2. The density of intestinal stem cells in the colon is lower than in the small intestine; therefore, it is recommended to use more than two colons to increase cell density.

3. The mouse intestine must be cut into sufficiently small pieces, otherwise it will affect crypt extraction.

4. The serum pipette must be pre-wetted to prevent intestinal fragments or crypts from adhering to the pipette wall. Pre-pipetting with PBS is recommended as a wetting step.

5. The matrix gel must be handled on ice; it easily thickens or solidifies at room temperature. When mixing the matrix gel with crypts, gentle pipetting is essential; air bubbles can easily cause gel dispersion or even dissolution during later culture.

6. When adding culture medium, do not add it directly to the matrix gel droplets to avoid damaging them. The culture medium must also be brought to room temperature before use; adding refrigerated medium directly to the culture wells can easily damage the gel droplets.

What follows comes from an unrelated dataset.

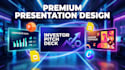 create a visually stunning presentation in canva or powerpoint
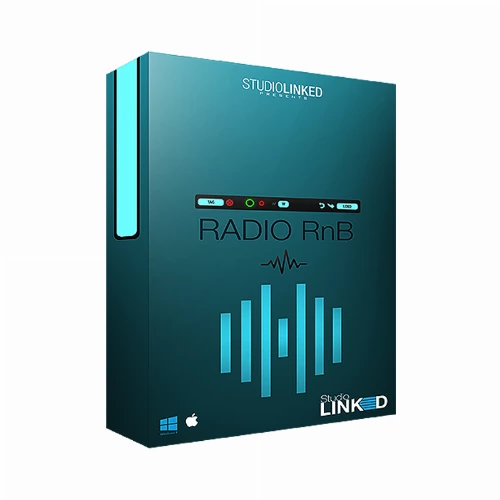 قیمت خرید فروش نرم افزار StudioLinked Infiniti Expansion Radio Rnb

7. To accelerate the complete solidification of Matrigel, the culture plates can be preheated in a CO₂ incubator at 37°C.

8. After organoid construction, organoid characterization is crucial for downstream applications. Initially, morphology can be observed using microscopy and H&E staining; then, Western blotting, qRT-PCR, immunofluorescence, and flow cytometry can be used to detect whether the organoid expresses the corresponding biomarker; gene sequencing can identify whether the cultured organoid has lost certain features; and for some organoids, their functional status can also be determined.

Mouse small intestinal organoids are a revolutionary technology that simulates the structure of the real intestine in three-dimensional culture, providing a powerful platform that closely resembles the in vivo environment for disease research, drug screening, and developmental biology. Successfully culturing mouse small intestinal organoids is an art combining precise manipulation, high-quality matrix gel, and a culture medium containing core factors. By mastering the principles and strictly controlling the details, you can recreate a vibrant "mini-gut" in a petri dish.